Now it is time to clear your browser's cache (or use incognito mode). Otherwise you will be disappointed when some elements are missing in the archive.
You are already set up to use WASP for HTTP connections. For HTTPS connections, you have to trust WASP to identify foreign web pages for you. This can be done either by trusting the certificate of WASP's warcprox instance in your browser (you can get it with
docker cp wasp:/home/user/srv/warcprox/warcprox-ca.pem ., then look at your browser's help page on how to import it), or by disabling the security check in your browser (e.g., you can start Chrome with --ignore-certificate-errors). See additional instructions for firefox on windows 10 if needed.
NOTE: Above instructions for HTTPS disable some security features of your browser. Do this for testing the technology, but do not use WASP for web pages where you are concerned about security or privacy.

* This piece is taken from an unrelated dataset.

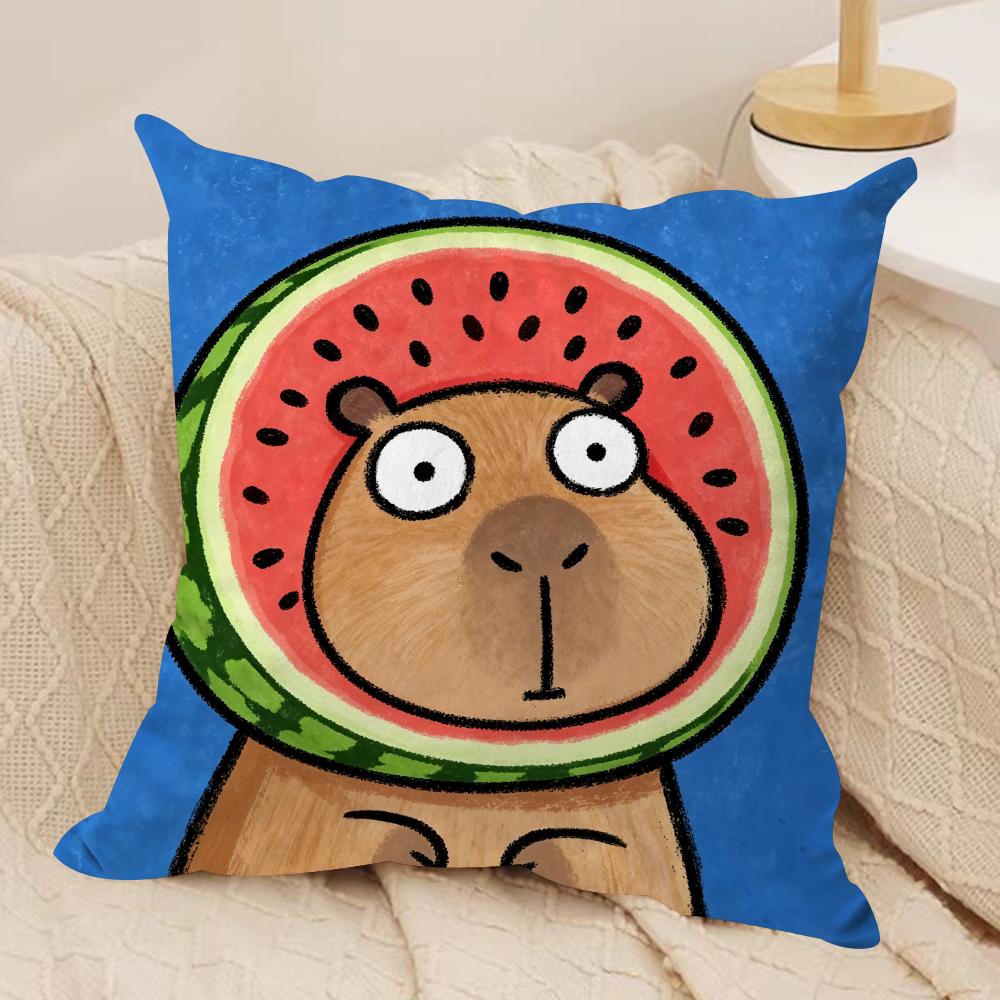 Cute Kapibala Cushion Cover Soft Plush Fabric DoubleSided Printed Cushion Covers for All Seasons Modern HomeDecor Gift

And that's it! Now all your traffic should be archived, indexed, and searchable immediately.
You can then stop the container using
docker stop wasp and start it again with
docker start wasp. Note that your archive is stored in the container. If you remove the container, your archive is gone.
A pre-build Docker image of WASP is available on dockerhub.
- The search page never retrieves results/does not show new results!
- WASP currently uses the default Elastic Search settings which turn the index read-only once your disk reaches 95% of used space. Since the index is (if you did not reconfigure that) stored on your root partition, you might need to clean up there.